Strongly religious voters have gravitated toward the Republican Party for some time now, but it wasn’t always this way. Ronald Reagan only won 63 percent of evangelical Christians in 1980, and the Republican candidates against Bill Clinton got only 62 and 65 percent in his two races. Clinton won the white Catholic vote, and Reagan won it in his two races by roughly the same margins that he won overall. Catholics did not tilt Republican in the 1980s or 1990s, and the evangelical GOP tilt was significantly less than it is today.
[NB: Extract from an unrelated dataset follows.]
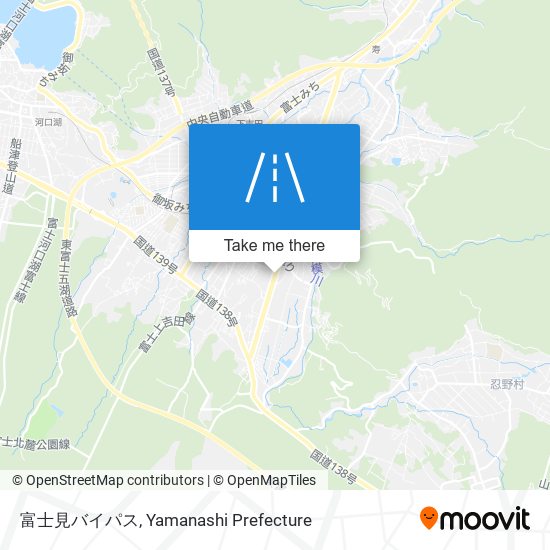 富士見バイパス map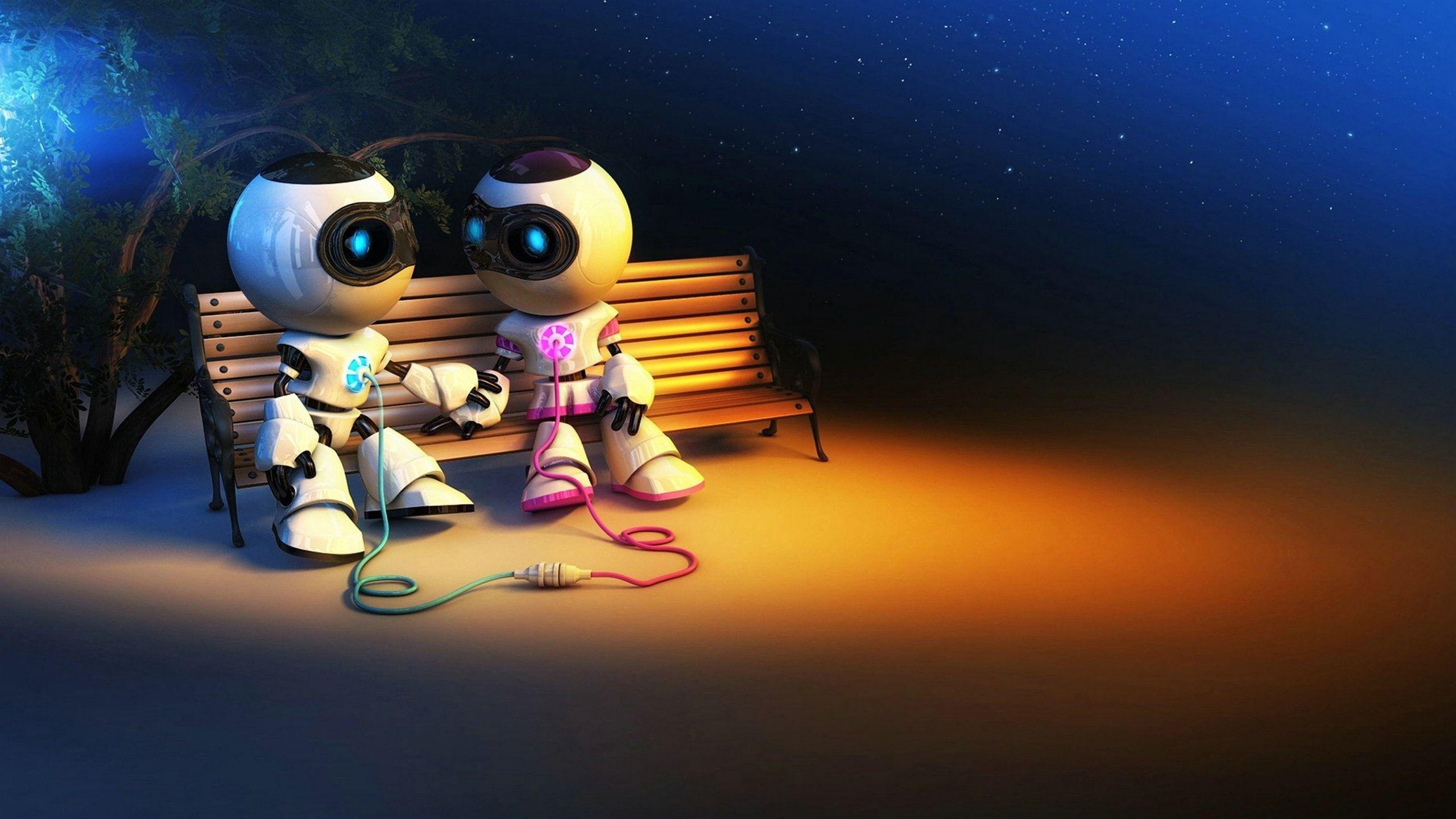 2560x1440 Robotic Love Wallpaper & Background Download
Data from the Pew Research Center shows this started to change in 2000, as the culture war led religious voters to increasingly back Republicans. In 2000, Bush won white Catholics by seven points while losing the national vote by about half a point. That difference between the white Catholic vote and the national vote grew with each succeeding election, rising to 11 points in 2004, 12 points in 2008, and 23 points in 2012. Evangelical voters made a similar shift. They voted for Republicans at a margin of 55 points compared to the entire nation in 2004, 57 points in 2008 and 61 points in 2012. The inference is clear: The more that secular elements within the Democratic Party successfully pushed their cultural agenda, the more religious voters moved to Republicans.
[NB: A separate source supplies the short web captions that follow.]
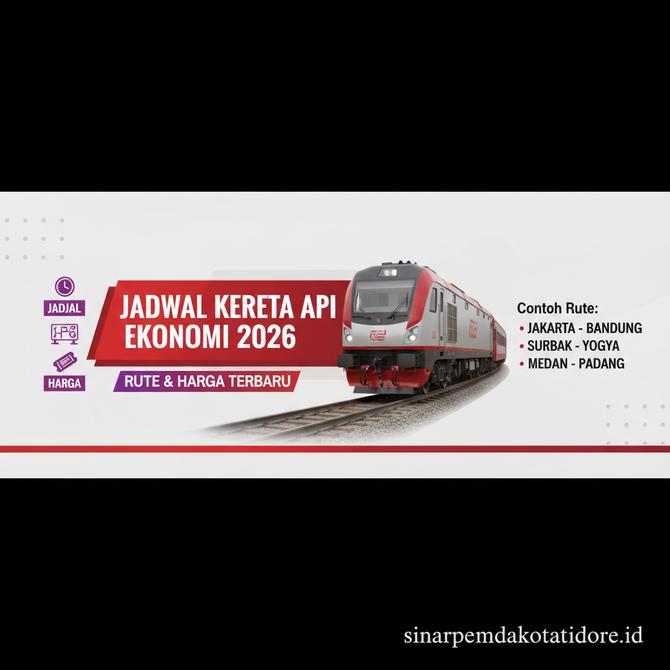 Thumbnail: Daftar Lengkap Jadwal Kereta Api Ekonomi 2026 Beserta Rute Stasiun dan Harga Tiket Terbarunya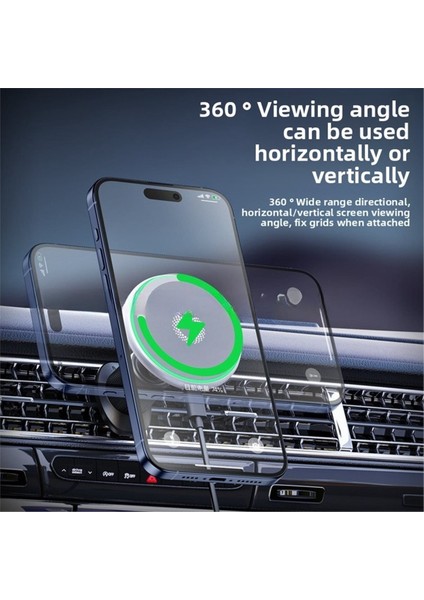 T50 Araç Manyetik Telefon Tutucu - Magsafe Için 15W Hızlı Kablosuz Şarj Cihazı Mıknatıslı Araç Montaj Hava Firar/gösterge Paneli Tutucu (Yurt Dışından) fırsatları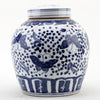 Danny's Fine Porcelain Large Bulb Jar - Butterflies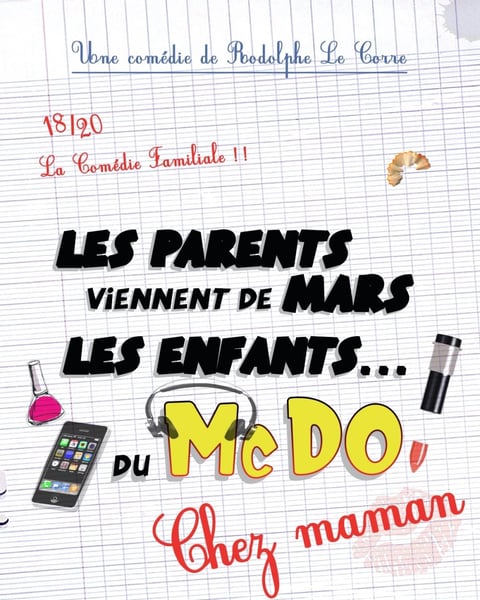 Les parents viennent de Mars, les enfants du McDo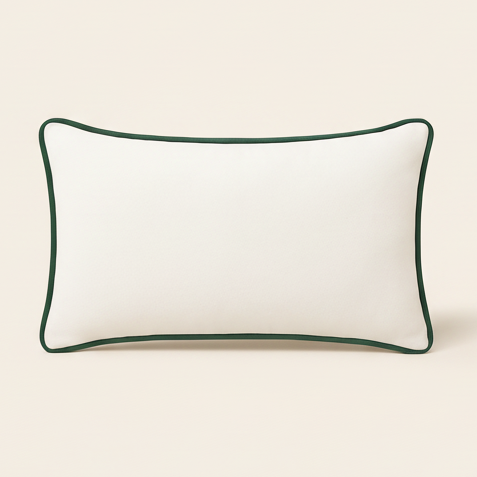 White Lumbar with Forest Piping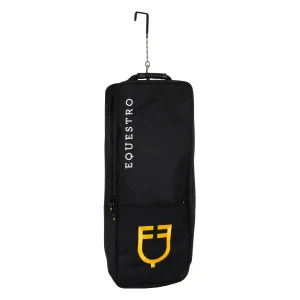 Borsa portabriglie Equestro in cordura con logo ricamato - Nero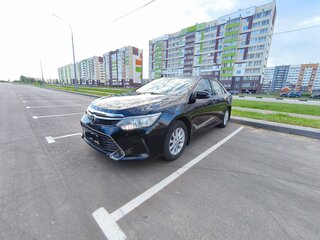 2015 Toyota Camry VII (XV50) Рестайлинг, чёрный, 1230000 рублей, вид 1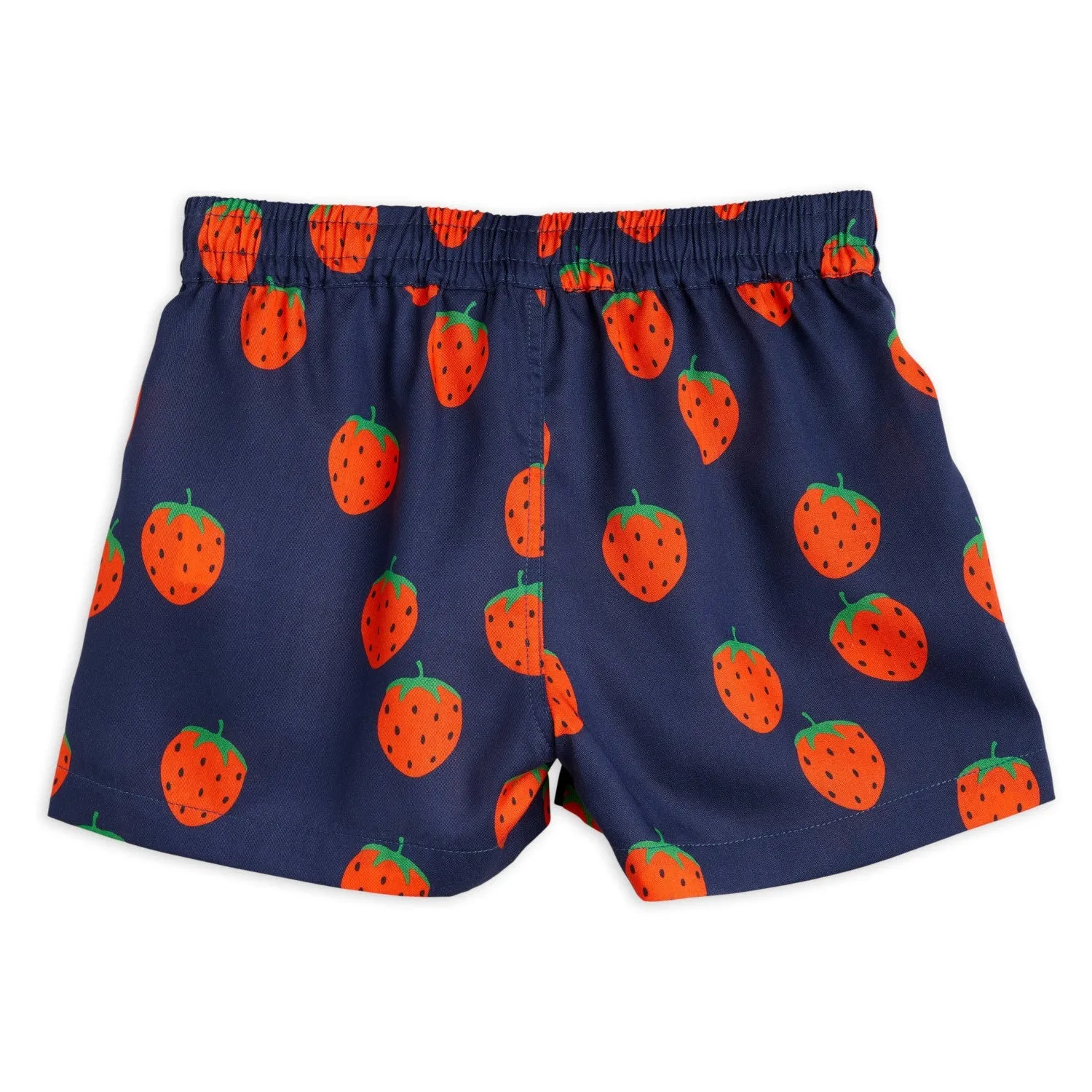 Strawberries Woven Shorts by Mini Rodini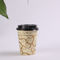 Adyabatik özel kağıt kahve bardağı kapaklı, kapakları ile tek kullanımlık kahve fincanı Tedarikçi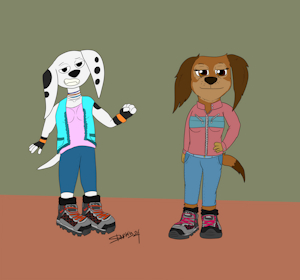Dolly and Liberty commission by thedashy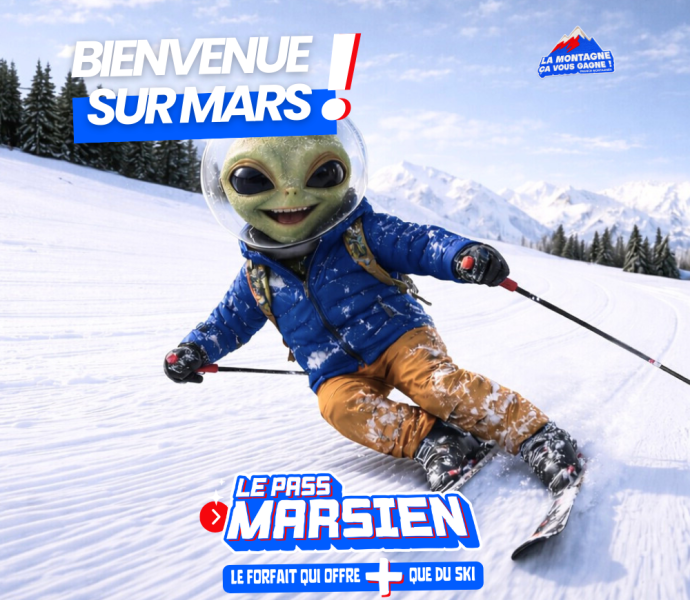 Pass marsien, ski et activités au meilleur prix dans les Alpes du sud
Trump moved these figures to new, astronomical heights. He won 81 percent of the white evangelical vote and 60 percent of the white Catholic vote even while losing the national popular vote by 2 percentage points. White evangelicals voted 67 points more Republican than the nation as a whole, while white Catholics voted 25 points more Republican than the nation. Trump won among the third of voters who attend religious services at least weekly; fully 40 percent of his vote came from the religiously devout.

Concern about the Supreme Court’s role in the culture wars clearly impacted this dramatic shift. The 2016 exit poll found that 21 percent of all voters said Supreme Court appointments were the most important factor in their vote; Trump carried them by a 56 to 41 percent margin. It’s clear that fear of a culturally liberal court drove a crucial number of normally Democratic-supporting white voters to back Trump.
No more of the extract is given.